### Problem to work on
Whenever a picture appears in the data, skip it and write out all other material exactly.

### Recorded data
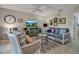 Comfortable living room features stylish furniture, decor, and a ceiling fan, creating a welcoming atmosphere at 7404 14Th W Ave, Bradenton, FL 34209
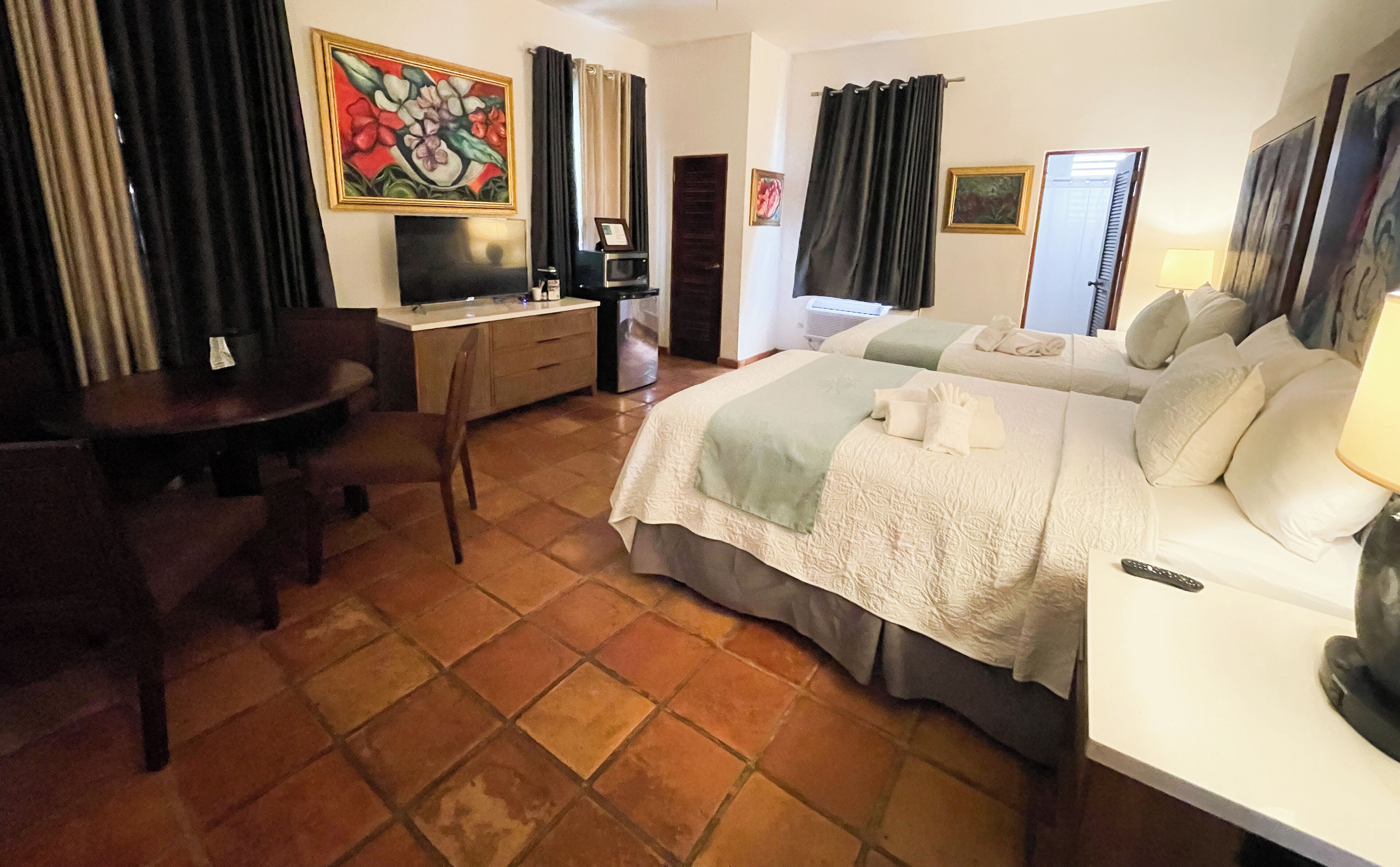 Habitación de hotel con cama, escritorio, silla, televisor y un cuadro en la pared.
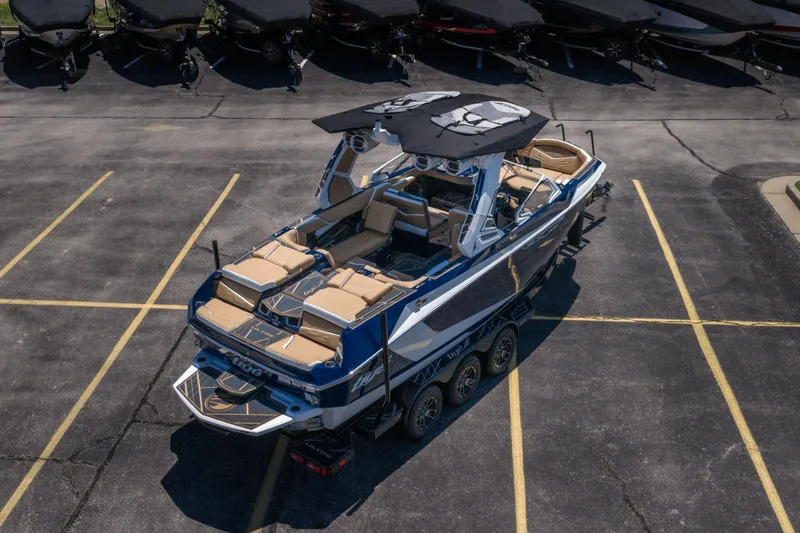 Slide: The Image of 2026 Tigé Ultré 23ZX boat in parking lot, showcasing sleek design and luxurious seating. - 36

### Task response
 Comfortable living room features stylish furniture, decor, and a ceiling fan, creating a welcoming atmosphere at 7404 14Th W Ave, Bradenton, FL 34209
 Habitación de hotel con cama, escritorio, silla, televisor y un cuadro en la pared.
 Slide: The Image of 2026 Tigé Ultré 23ZX boat in parking lot, showcasing sleek design and luxurious seating. - 36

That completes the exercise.